Neural nets help banks fight fraud

The phone call to Chad Sapieha was the final stage of a technology-led fraud detection system. Ten minutes prior to the call, someone had purchased gas on Sapieha’s credit card and the call to him at his office was to verity if he had indeed made the purchase. He had not.

The war against fraudulent use of bank client cards and credit cards is an ongoing one. As the technology to detect fraud gets better, so too does the technology to defraud. Much like the malicious code war, this one is slowly swinging in the favour of the financial institutions that issue the cards, and technology is playing a large role.

Sapieha, a business development manager with Shore Consulting in Toronto, lost his credit card. In an unfortunate turn of events he did not realize it until the telephone call. Several purchases were made, which were flagged as suspicious by the bank. But unlike a few years ago when purchases were batch-processed at the end of the day and sent to branches, today everything is done in real time.

“From the point of the customer, presenting a card at a banking machine, all the way to its presentation to a fraud analyst, takes less than one second,” said Nubar Mangoyan, group manager e-business at the Royal Bank in Toronto.

To detect fraud, the bank uses a combination of IBM’s MQSeries and Microsoft Transaction Server on Windows 2000 running both Computer Associates and homegrown applications. Client data, including all transactions from any electronic delivery channel (ATM, telephone, Internet banking), is pulled from the bank’s IBM RS/6000 series servers.

A fraud threshold is set up for each individual customer based on their transaction history. For those who use their card in a fairly consistent manner – cash withdrawals once a week and gas purchases – the threshold will be quite different from a business traveler who users her card for all manners of purchases all over the world.

“The key to the system is the ability to calculate what is a normal behaviour for a particular client, so when there is a deviation, that is when an alarm is raised,” Mangoyan said. “But I cannot give you any more specific information for security reasons.”

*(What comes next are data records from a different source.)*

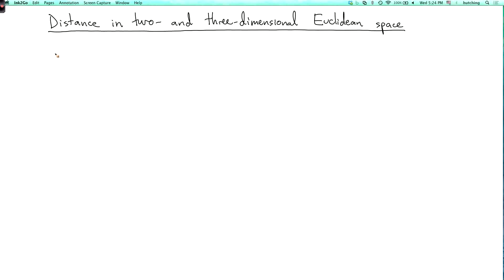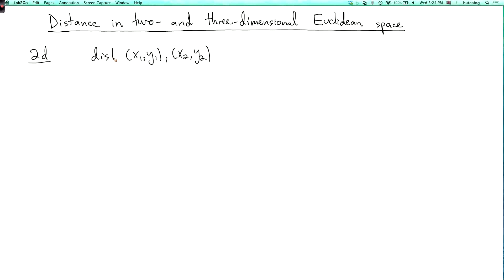I'm now going to talk about distance in two and three-dimensional Euclidean space. Let's start with the two-dimensional case. Suppose I have two points in the Euclidean plane, x1,y1 and x2,y2. The distance between them — I'll denote this by dist(x1,y1, x2,y2) — is the square root of (x2 minus x1) squared plus (y2 minus y1) squared.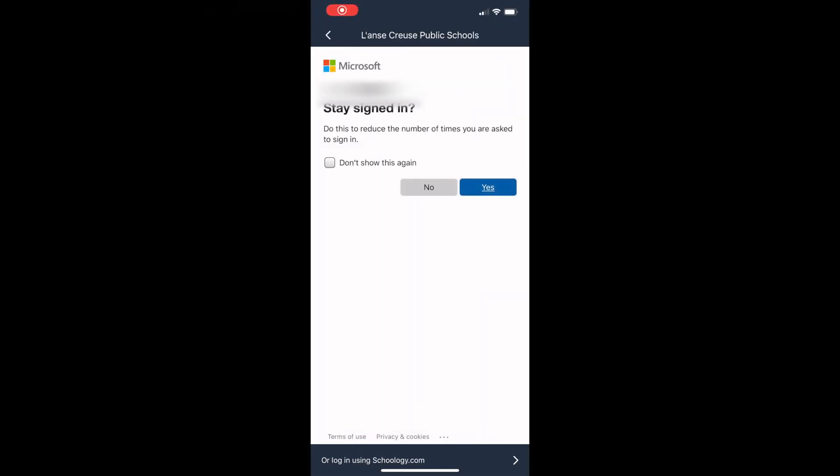Once the student enters their password, they should touch the sign-in button. After this, a dialog box will pop up asking if the user would like to stay signed in. Staying signed in is only for convenience. The next time a user opens the Schoology app, they will log into the student's account. If this is a shared device, meaning a device with multiple users, one should click no.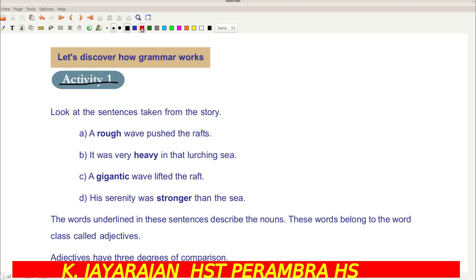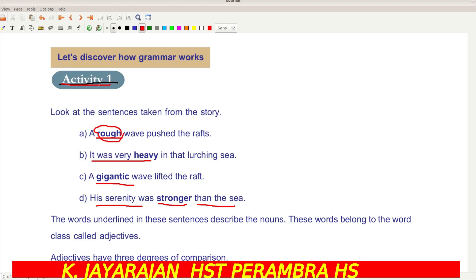Activity 1. Look at the sentences taken from the story: 'A rough wave pushed the rafts.' 'It was heavy in the lurching sea.' 'A gigantic wave lifted the raft.' 'His serenity was stronger than the sea.' The underlined words are: rough, heavy, gigantic, and stronger. In these sentences, these words describe the noun.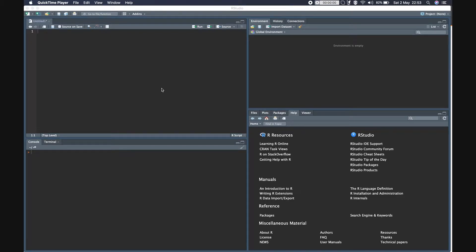Hello, thank you for joining in. Today we are going to discuss the difference between the summarize and mutate functions in dplyr - how their output differs and when one should use summarize versus mutate. So let's dive in directly.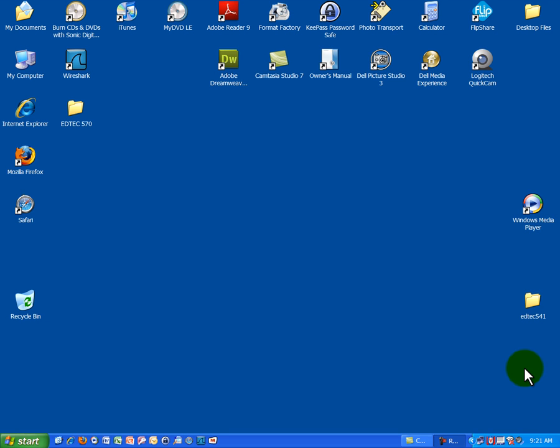Hello, this is John Chernes again, and in this lesson we're going to study two main protocols used in TCP/IP. You will see these protocols in almost every capture session you do with a protocol analyzer like Wireshark. The protocols are going to be ARP, address resolution protocol, and DNS, domain name system. Let's go ahead and take a look at these two protocols and try to figure out what they're doing.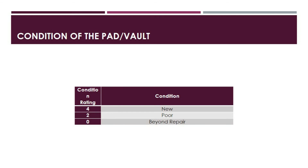The last category applies only to pad mount or vault transformers. These ratings specifically regard the condition of the pad if it is a pad mount transformer, or the condition of the vault if it is a submersible vault transformer. Again, this category has only three ratings: 4, 2, and 0. A rating of 4 means the pad or vault is in good condition, or what we call new. A rating of 2 means the pad or vault is in poor condition and remedial action is required. A rating of 0 means the pad or vault has been degraded beyond repair.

Once a card is flagged for potential fraudulent use, humans intervene. A fraud analyst looks at the pattern and makes a decision. This can be anything from shutting down card access, asking the client to speak to the financial institution from the purchasing location or, as was the case with Sapieha, calling the individual after the purchase to verify it.

“They still allowed it to go through because it is a customer service issue,” said Gord Jamieson, director of risk and security with the Visa Canada Association in Toronto.

Depending on an individual’s level of customer service, “a financial institution may not want to bother a client with the embarrassment of getting called in the store,” Jamieson said. “So they (the bank) may get stung for that first transaction.”

The technology is there to reduce fraudulent use of copied or stolen cards to almost zero, customer service notwithstanding.

“Counterfeit activity in the last couple of years has declined,” Jamison added. In December 1999 credit card fraud reached an all-time high of $123 million in Canada, he said. It is now down to $66 million.

“[In] that time a lot of our members have deployed neural networks, rules-based monitoring systems that have gone a long way to reducing their exposure to fraud,” he explained.

There is a great need to deploy these sorts of technologies because the technology that fraudsters use is getting better by the day. Card skimming is a favourite. Hardware the size of a pager can scan the magnetic strip of a credit card (say at a restaurant) and a duplicate card can be made.

“You can actually buy pretty much all of your tools (to make copies) at Radio Shack,” said Rene Hamel, vice-president, forensic technology services with KPMG in Toronto. Even the holograms are easy to purchase. “Obviously organized crime has all the connections to get all the stuff very easily.”

Since the problem is global, most financial institutions also have distance calculators in their neural networks. If you make a purchase in San Francisco at 10 p.m. local time and another at midnight in Paris, they are certain the card is being fraudulently used since it is impossible to make the trip in two hours. The customer service problem is deciding which is the fraudulent use, so often the solution is to call the client to clarify the situation and issue a new card.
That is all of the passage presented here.